Purgatory and Mike’s Hard Lemonade present five bands in the Purg Jam on Saturday from 1-8 p.m. For just $10, you get to groove to the Jaden Carlson Band (the youngest artist to have ever played Red Rocks), Elder Grown, Chava People, Little Wilderness and the Jade Robbins Duo. Your ticket gets you your first Mike’s Hard Lemonade for free (assuming you’re 21+). Buy early; ticket will cost $15 at the gate.
The free Concerts in the Park series that the Community Concert Hall and Alpine Bank has presented in Buckley Park concludes at 5:30 p.m. tonight (Thurs., July 28) when the Jackson Hole outfit Sneaky Pete & the Secret Weapons return for the third year in a row. The sextet meshes a variety of genres, the type of stuff you might hear in downtown jazz clubs, New Orleans street parades, exotic Latin ballrooms and late-night, laser-filled clubs. Founded in 2011, the lineup is a rock & roll whirlwind complete with guitar, bass, keyboards, trumpet and drums.

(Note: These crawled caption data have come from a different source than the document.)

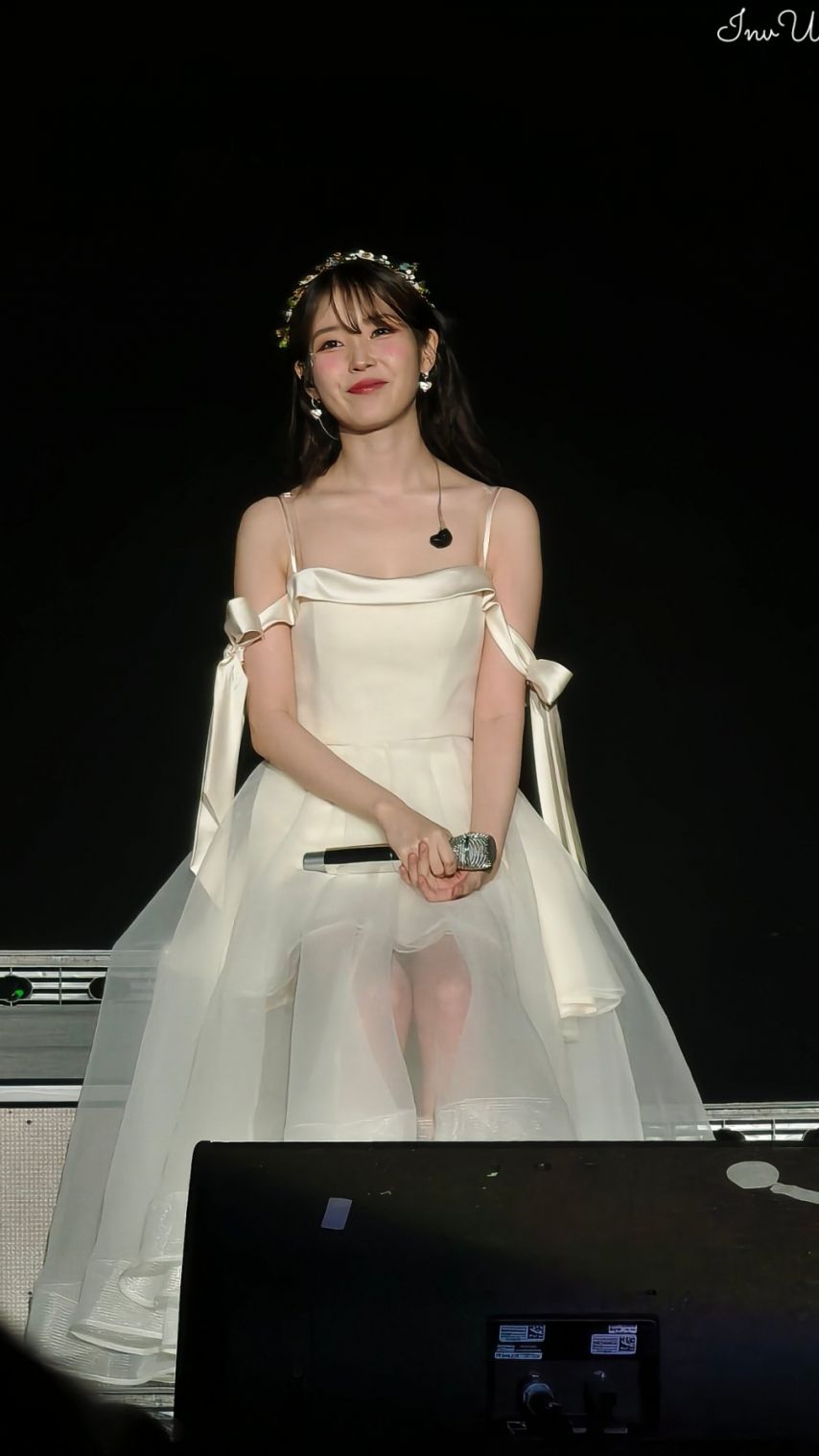 240802 IU H E R World Tour LA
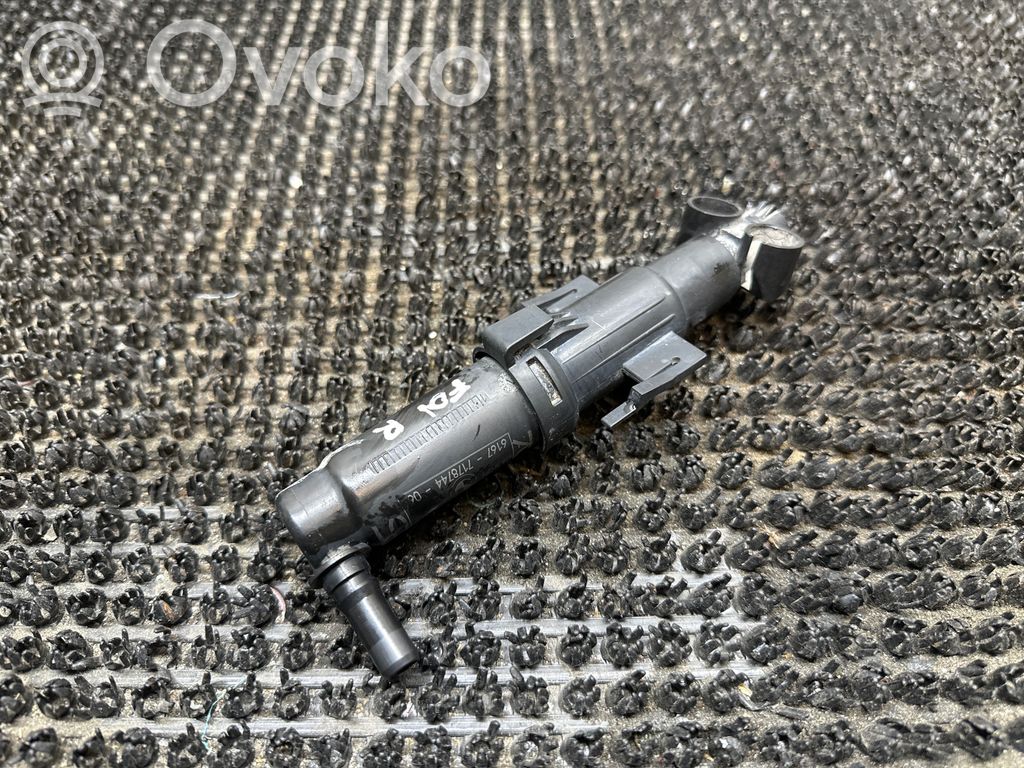 BMW 7 F01 F02 F03 F04 Headlight washer spray nozzle 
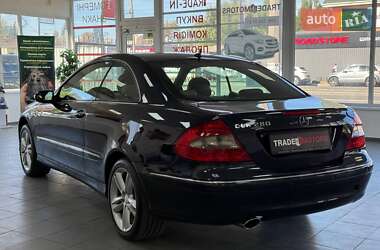 Купе Mercedes-Benz CLK-Class 2008 в 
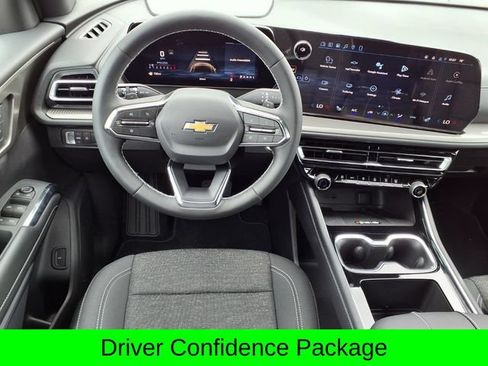 New 2026 Chevrolet Traverse LT w/ Driver Confidence Package FWD image 7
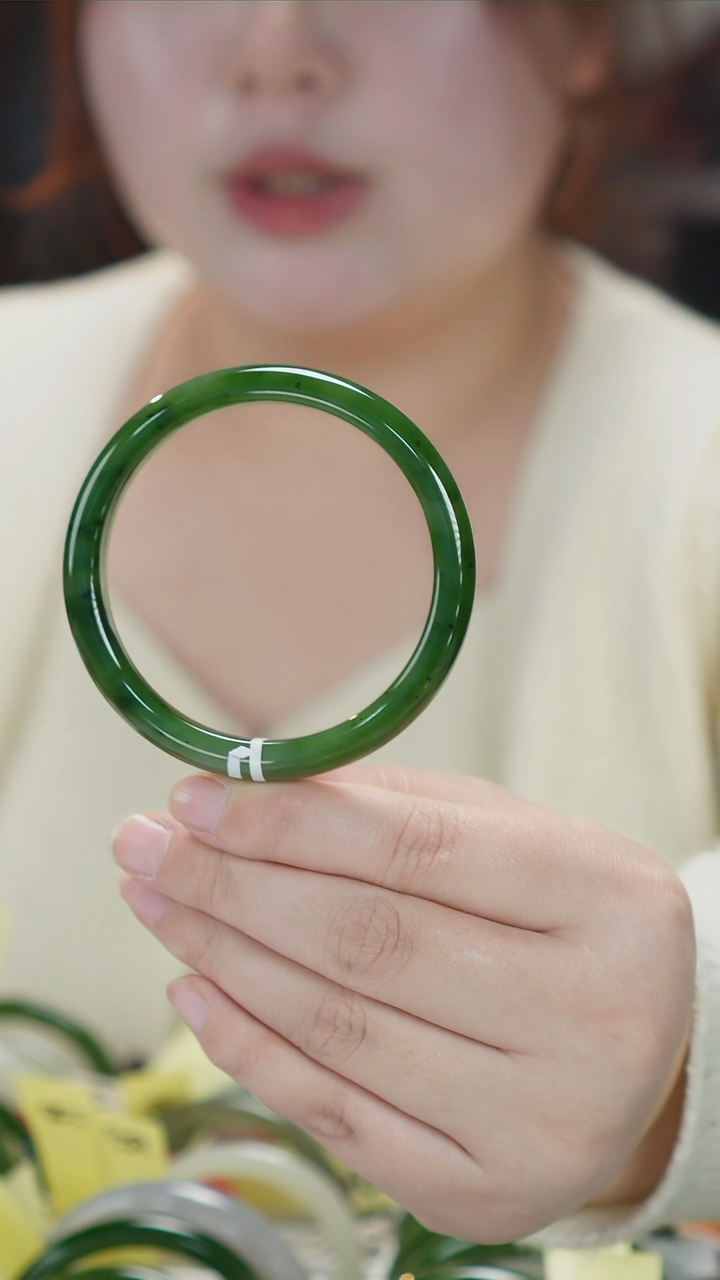 【闪购商品】和田玉手镯未镶嵌51天然和田玉手镯拍一发一 60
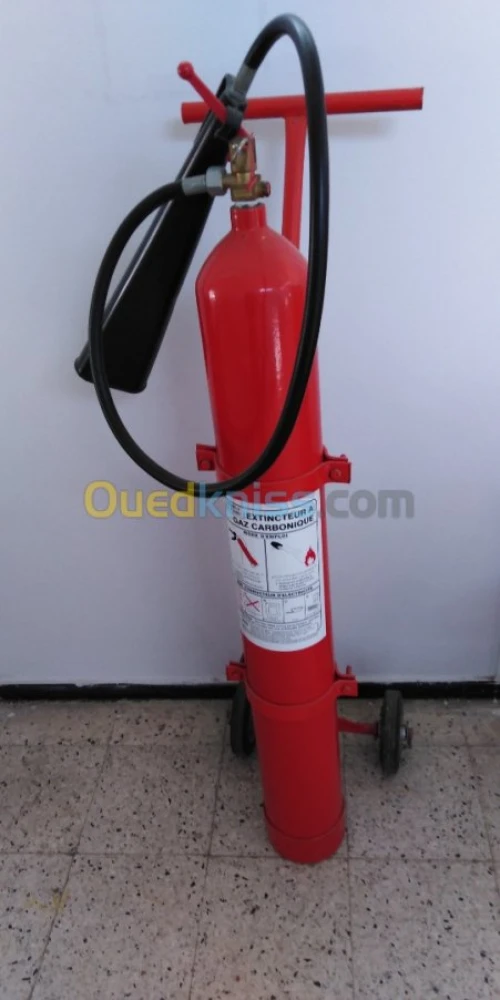BAG A SABLE ET ARMOIRE POUR EXTINCTEUR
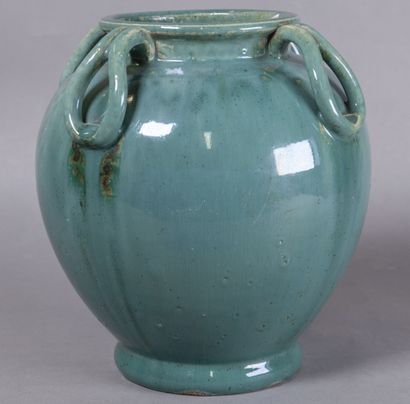 null CHINE, fin du XIXe siècle 

Vase en terre cuite, anses en forme de noeuds à...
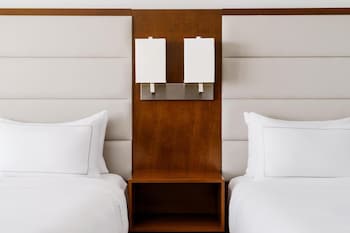 Room, 2 Queen Beds, Accessible, Balcony (Gulf View, Roll in Shower)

As always, bring your picnic dinners, blankets and chairs, or purchase grub from Fired Up Pizzeria and Schlotzsky’s. Sneaky Pete also plays the Balcony Backstage at 9 p.m. following the free Buckley gig.
Also of note: Today’s weekly Acoustic Lunchtime Café at the Smiley Building features Sky Pilot/Durango Funk All Stars keyboardist Ryan McCurry from 11:30 a.m.-1 p.m.; the Pete Giuliani Band rocks the James Ranch Burger & a Band Night from 5-8 p.m. tonight and the Balcony from 5-9 p.m. Friday; Kirk James brings the full band to the Billy Goat Saloon in downtown Gem Village at 8:30 p.m. Friday and the Vallecito Resort at 7 p.m. Wednesday; Decker plays the Balcony Backstage at 9:30 p.m. Friday; and the Hooten Hollers have a Balcony doubleheader, playing the inside on the Backstage at 9:30 p.m. Saturday and outside on the Balcony at 5 p.m. Saturday.
You’ve probably determined I’m a grumpy old man. This week’s Top Shelf list recalls four simple things that will get me through:
1. Otto’s second year of football started yesterday. Watching the Little Demons beat up on Bayfield, Cortez and Aztec always puts a smile on my face.
2. With DBC back online, we once again have six brewpubs and tasting rooms in town. Factor in Durango Craft Spirits and there’s one for each day of the week. At an average of eight beers.
3. Green chile roasting is merely weeks away.
4. Neil Young tickets went on sale to the masses at 11 a.m. today. If you’ve lived in a cave the past week, then revel in the fact that the legend will rock Telluride Town Park on Friday and Saturday, Sept. 30-Oct. 1. $200 for two nights of rock & roll rage.
5. Footwear. Shelly found my lost brown Croc underneath Otto’s bed last week. It had been missing for nearly a year.